Things were different. Christmas was different. The tinsel we put on our trees was actually made of some sort of metal, though I find it hard to believe it was tin. I do know it would get wrinkled and kinked. Some of us hung it one strand at time, savoring the process.

I loved everything about Christmas when I was a young child. I loved going up to my grandparents’ house in Erie. The snows were deeper up there, and more constant. Winter settled in for the season. It didn’t come and go like a fickle boyfriend the way it does in Virginia. The long and perilous drive through the dark tunnels on the Pennsylvania Turnpike lent an aspect of adventure to the trip. And when we got to my grandmother’s house, I got to sleep in a room by myself, while my brothers took over the sleeping porch.

In the years since those times my feelings about Christmas have changed, as has the holiday itself.
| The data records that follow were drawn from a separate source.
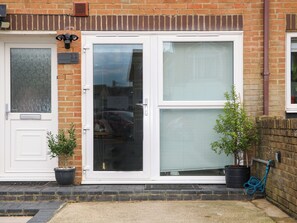 Exterior detail - Beach Retreat (Seaford)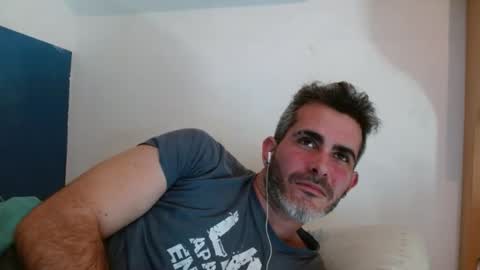 Snapshot of c0llinfarrell chatting on 02-19-25, 11:49 Collin Farrel online show from 02-19-25, 11:49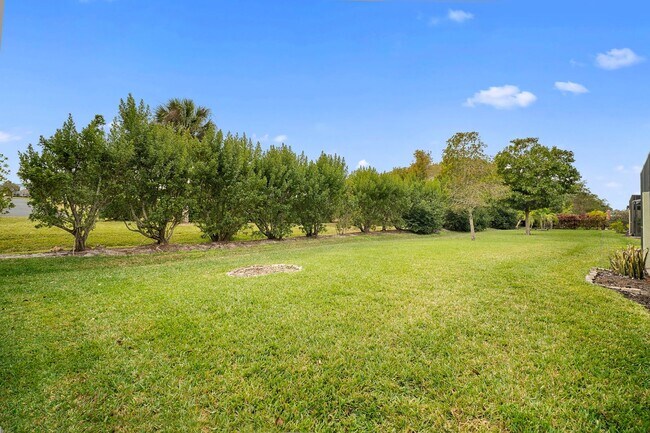 Building Photo - Stunning  2-bedr 2-bath+ Den/office home located in the desirable Lindsford in Fort Myers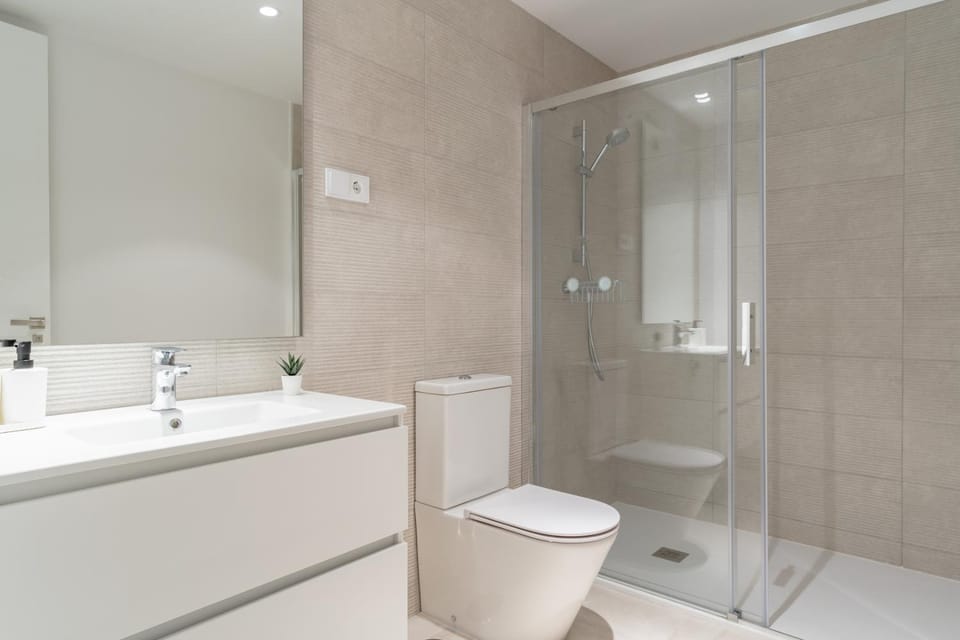 Shower, Toilet, Bathroom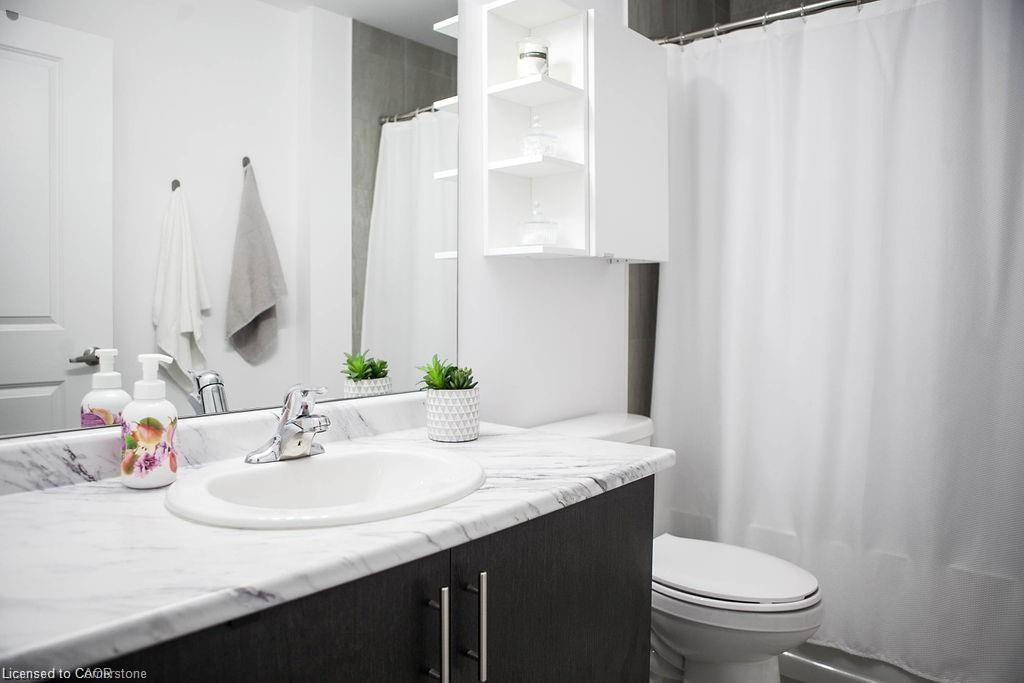 508-125 Shoreview Place, Hamilton, ON - Indoor Photo Showing Bathroom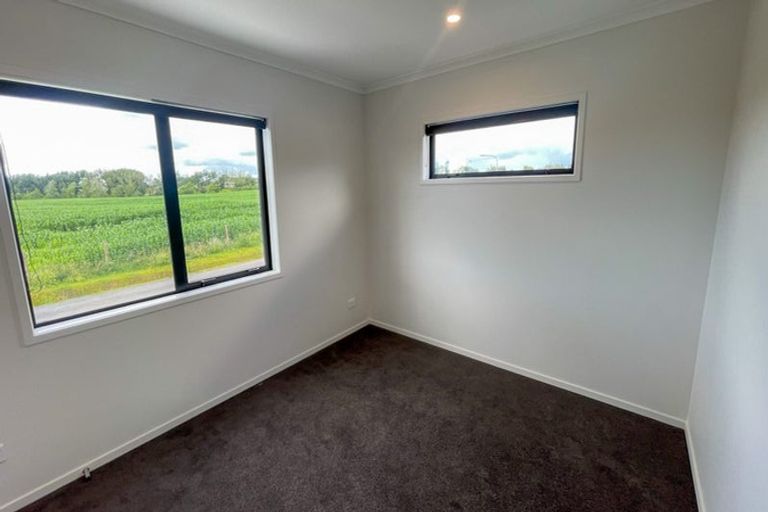 Photo of property in 14 Washer Road, Omata, New Plymouth, 4374
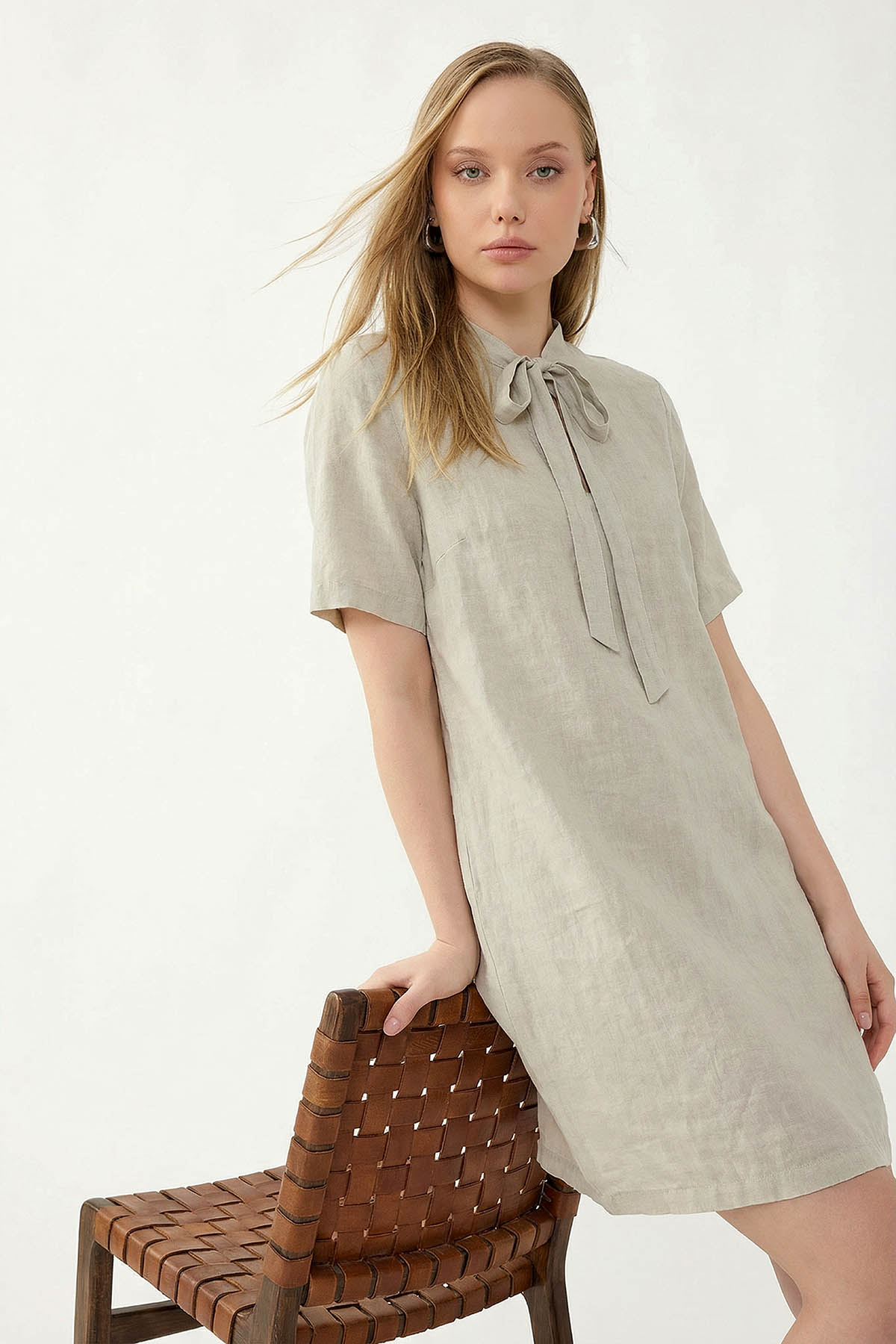 %100 Keten Yakası Bağlamalı Kısa Kol Elbise - Thumbnail
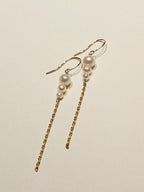 Longues boucles d'oreilles pendantes trio perles culture Elya
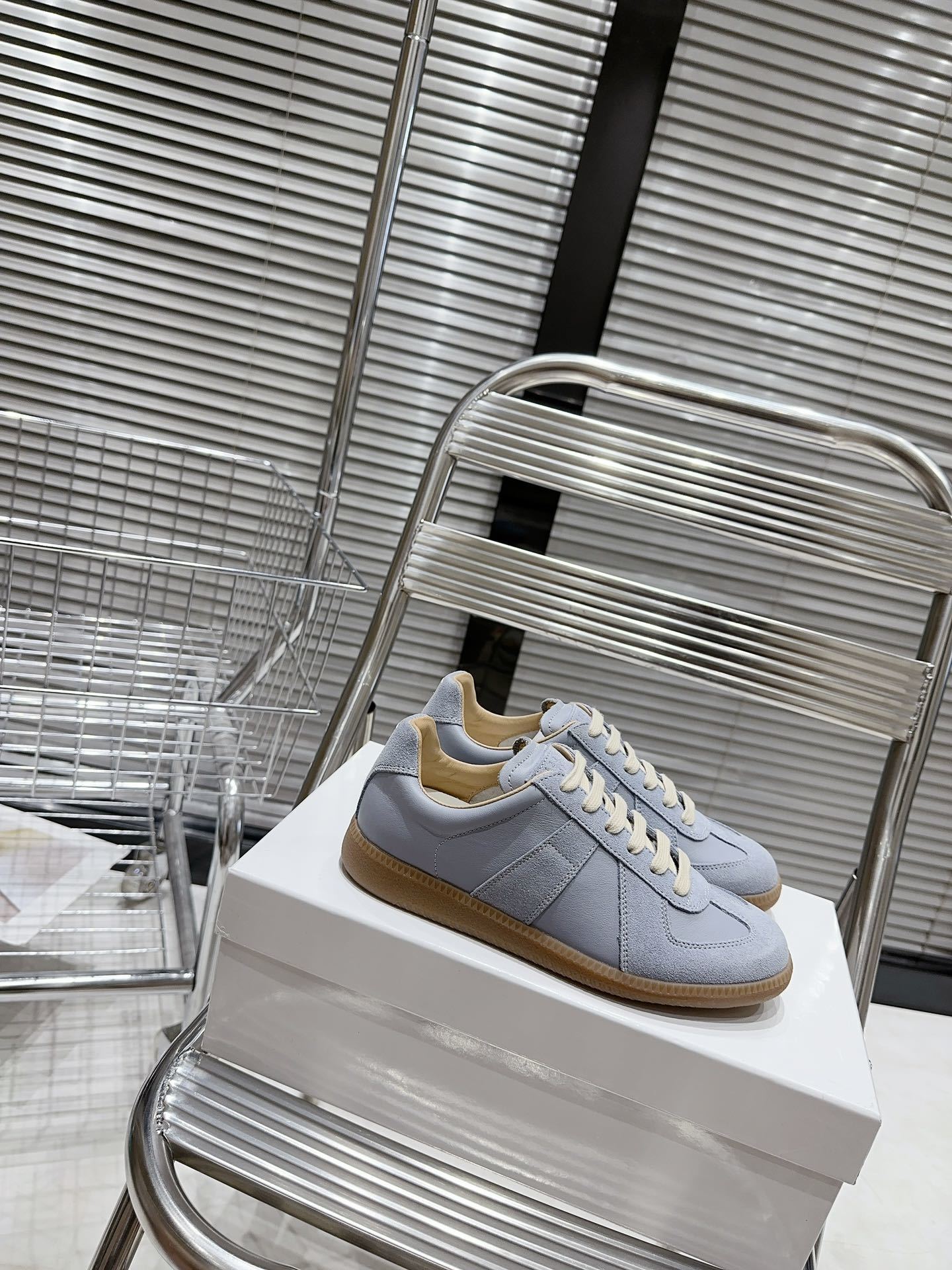 Maison Baby Blue Gum Sole
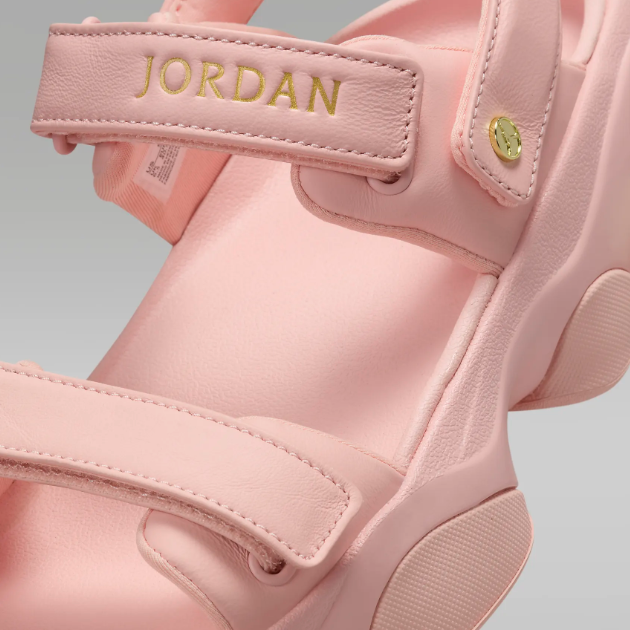 ◆正規品◆NIKE JORDAN DEJA SANDAL LEGEND PINK(W)◆送料無料◆ Nike Women's Jordan Deja Sandal 'Legend Pink/Gold' (FN5036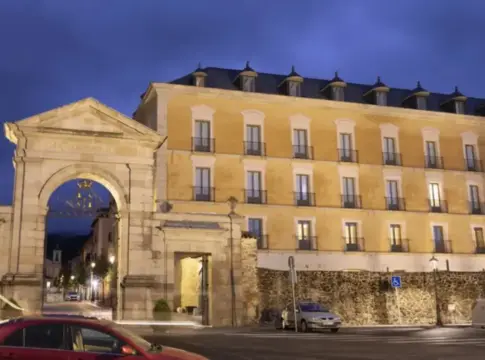 Paradores anuncia 65 euros la noche para mayores de 55, pero la letra pequeña cambia el precio según el destino Paradores anuncia 65 euros la noche para mayores de 55, pero la letra pequeña cambia el precio según el destino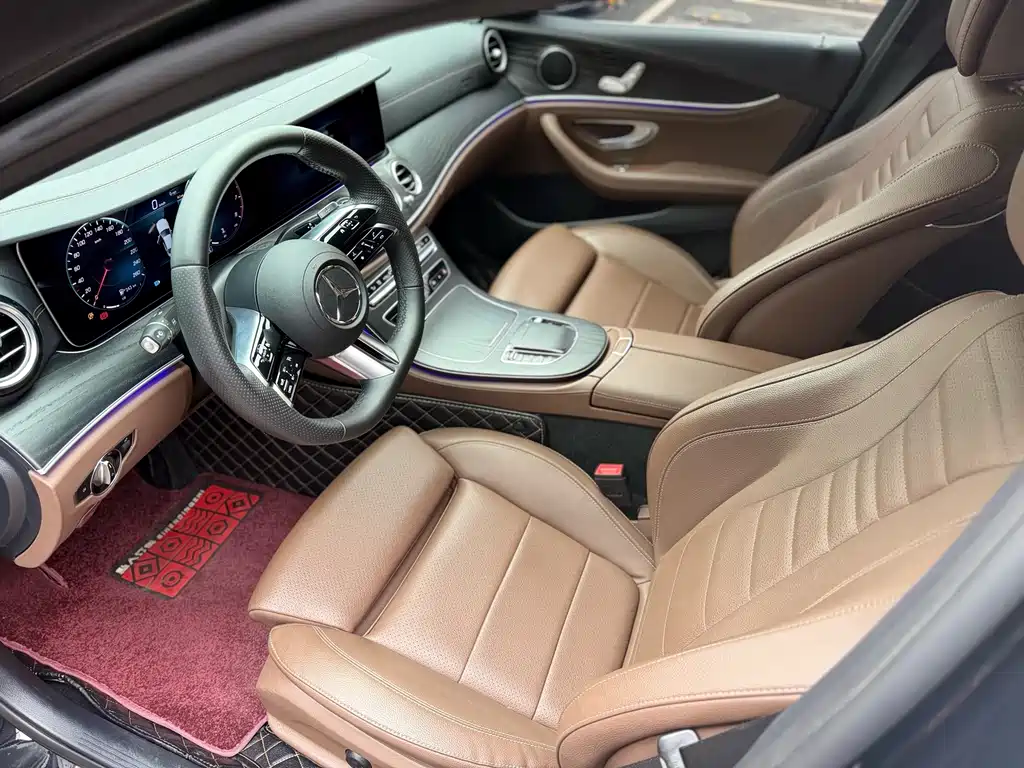 Mercedes-Benz E-Class 2023 — фото 12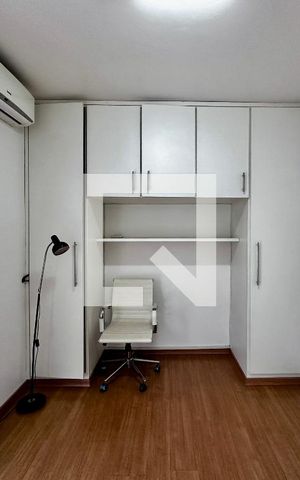 Casa para alugar com 250m², 4 quartos e 3 vagas Casa para alugar com 250m², 4 quartos e 3 vagasSuíte 4
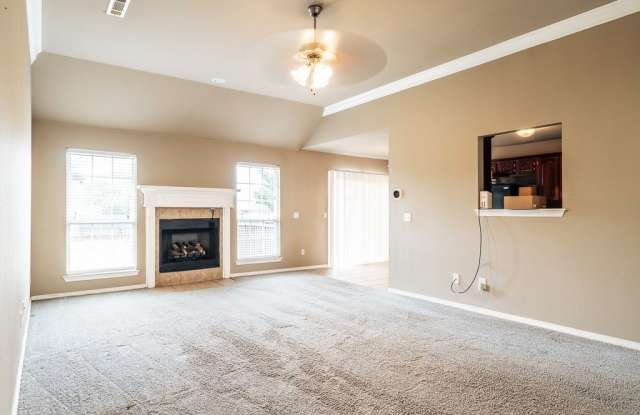 1393 St Claire Gallery 3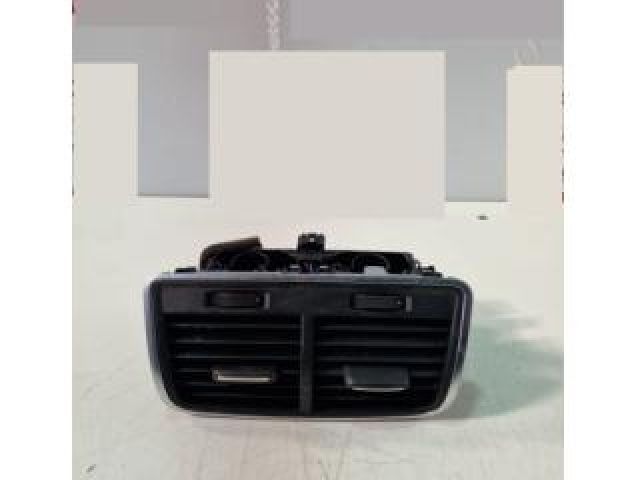 bontott AUDI A6 C7 Hátsó középső Szellőző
Some people, habitual ranters, complain about this. But it’s not Christmas’s fault. I’m not sure blame can be assigned. Because Christmas, with all its cookies and carols, its ribbons and wrappings, its greed and grace, is just part of the warp and woof of the fabric of time, blended in there with all the other calendar items, spinning round and round life’s crazy carousel. We try to grab the brass ring when we’re young. It’s not brass anymore; carousels have gone plastic like everything else. But we’re still spinning, and the older I get the faster it seems to go.

When I was a parent of young children myself, I tried to recreate for them the sense of comfort and mystery and joy that Christmas gave me as a child. Like so many parenting experiences, it made me feel inadequate and helpless. I wanted to give my children a sense of the possibility of miracles in this dark and uncertain life. Yet when I look back on it now, I’m glad I at least tried to keep the spark alive.

In ancient times pagans lit bonfires to warm the midwinter nights. We string colored lights on our roofs. Each generation creates its own magic. The longest night of the winter is past, but we have a ways to go before we emerge from the tunnel.

Merry Christmas to all and to all a safe journey.